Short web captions

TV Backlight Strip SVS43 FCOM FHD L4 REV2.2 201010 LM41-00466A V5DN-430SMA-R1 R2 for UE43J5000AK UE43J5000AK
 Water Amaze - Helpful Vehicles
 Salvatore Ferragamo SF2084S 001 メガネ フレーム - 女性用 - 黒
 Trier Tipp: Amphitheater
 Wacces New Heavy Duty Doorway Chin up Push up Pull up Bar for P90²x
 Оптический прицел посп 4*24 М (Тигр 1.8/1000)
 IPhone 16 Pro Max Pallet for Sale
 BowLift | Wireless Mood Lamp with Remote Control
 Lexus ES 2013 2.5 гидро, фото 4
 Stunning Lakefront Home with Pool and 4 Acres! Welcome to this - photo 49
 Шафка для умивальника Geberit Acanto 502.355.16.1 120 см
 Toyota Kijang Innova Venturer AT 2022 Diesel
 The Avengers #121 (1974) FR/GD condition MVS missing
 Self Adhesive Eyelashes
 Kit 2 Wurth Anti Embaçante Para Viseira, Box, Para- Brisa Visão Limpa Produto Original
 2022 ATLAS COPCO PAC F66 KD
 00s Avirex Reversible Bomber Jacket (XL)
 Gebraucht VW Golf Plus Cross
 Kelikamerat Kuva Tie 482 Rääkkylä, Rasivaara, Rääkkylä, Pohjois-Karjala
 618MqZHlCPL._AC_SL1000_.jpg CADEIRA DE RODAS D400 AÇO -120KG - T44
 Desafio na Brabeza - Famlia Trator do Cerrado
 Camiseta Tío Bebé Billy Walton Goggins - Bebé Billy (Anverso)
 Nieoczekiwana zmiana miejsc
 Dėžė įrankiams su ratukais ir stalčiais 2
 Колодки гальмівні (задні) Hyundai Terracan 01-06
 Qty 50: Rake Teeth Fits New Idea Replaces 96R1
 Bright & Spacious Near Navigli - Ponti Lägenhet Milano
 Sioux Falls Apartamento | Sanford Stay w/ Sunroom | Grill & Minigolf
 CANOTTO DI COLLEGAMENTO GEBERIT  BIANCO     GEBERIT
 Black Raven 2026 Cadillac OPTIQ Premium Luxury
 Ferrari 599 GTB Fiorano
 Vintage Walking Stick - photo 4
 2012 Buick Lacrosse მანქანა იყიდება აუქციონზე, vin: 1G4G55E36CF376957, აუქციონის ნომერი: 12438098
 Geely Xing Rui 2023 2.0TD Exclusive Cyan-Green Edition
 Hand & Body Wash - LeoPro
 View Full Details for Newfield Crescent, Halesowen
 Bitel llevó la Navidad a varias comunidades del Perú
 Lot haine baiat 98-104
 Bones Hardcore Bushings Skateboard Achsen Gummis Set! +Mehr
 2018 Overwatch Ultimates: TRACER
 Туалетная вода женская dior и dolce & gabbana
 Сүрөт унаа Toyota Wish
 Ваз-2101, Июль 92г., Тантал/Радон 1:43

## YOUR TASK
Write each line of the data down again exactly as it reads.

## ANSWER
TV Backlight Strip SVS43 FCOM FHD L4 REV2.2 201010 LM41-00466A V5DN-430SMA-R1 R2 for UE43J5000AK UE43J5000AK
 Water Amaze - Helpful Vehicles
 Salvatore Ferragamo SF2084S 001 メガネ フレーム - 女性用 - 黒
 Trier Tipp: Amphitheater
 Wacces New Heavy Duty Doorway Chin up Push up Pull up Bar for P90²x
 Оптический прицел посп 4*24 М (Тигр 1.8/1000)
 IPhone 16 Pro Max Pallet for Sale
 BowLift | Wireless Mood Lamp with Remote Control
 Lexus ES 2013 2.5 гидро, фото 4
 Stunning Lakefront Home with Pool and 4 Acres! Welcome to this - photo 49
 Шафка для умивальника Geberit Acanto 502.355.16.1 120 см
 Toyota Kijang Innova Venturer AT 2022 Diesel
 The Avengers #121 (1974) FR/GD condition MVS missing
 Self Adhesive Eyelashes
 Kit 2 Wurth Anti Embaçante Para Viseira, Box, Para- Brisa Visão Limpa Produto Original
 2022 ATLAS COPCO PAC F66 KD
 00s Avirex Reversible Bomber Jacket (XL)
 Gebraucht VW Golf Plus Cross
 Kelikamerat Kuva Tie 482 Rääkkylä, Rasivaara, Rääkkylä, Pohjois-Karjala
 618MqZHlCPL._AC_SL1000_.jpg CADEIRA DE RODAS D400 AÇO -120KG - T44
 Desafio na Brabeza - Famlia Trator do Cerrado
 Camiseta Tío Bebé Billy Walton Goggins - Bebé Billy (Anverso)
 Nieoczekiwana zmiana miejsc
 Dėžė įrankiams su ratukais ir stalčiais 2
 Колодки гальмівні (задні) Hyundai Terracan 01-06
 Qty 50: Rake Teeth Fits New Idea Replaces 96R1
 Bright & Spacious Near Navigli - Ponti Lägenhet Milano
 Sioux Falls Apartamento | Sanford Stay w/ Sunroom | Grill & Minigolf
 CANOTTO DI COLLEGAMENTO GEBERIT  BIANCO     GEBERIT
 Black Raven 2026 Cadillac OPTIQ Premium Luxury
 Ferrari 599 GTB Fiorano
 Vintage Walking Stick - photo 4
 2012 Buick Lacrosse მანქანა იყიდება აუქციონზე, vin: 1G4G55E36CF376957, აუქციონის ნომერი: 12438098
 Geely Xing Rui 2023 2.0TD Exclusive Cyan-Green Edition
 Hand & Body Wash - LeoPro
 View Full Details for Newfield Crescent, Halesowen
 Bitel llevó la Navidad a varias comunidades del Perú
 Lot haine baiat 98-104
 Bones Hardcore Bushings Skateboard Achsen Gummis Set! +Mehr
 2018 Overwatch Ultimates: TRACER
 Туалетная вода женская dior и dolce & gabbana
 Сүрөт унаа Toyota Wish
 Ваз-2101, Июль 92г., Тантал/Радон 1:43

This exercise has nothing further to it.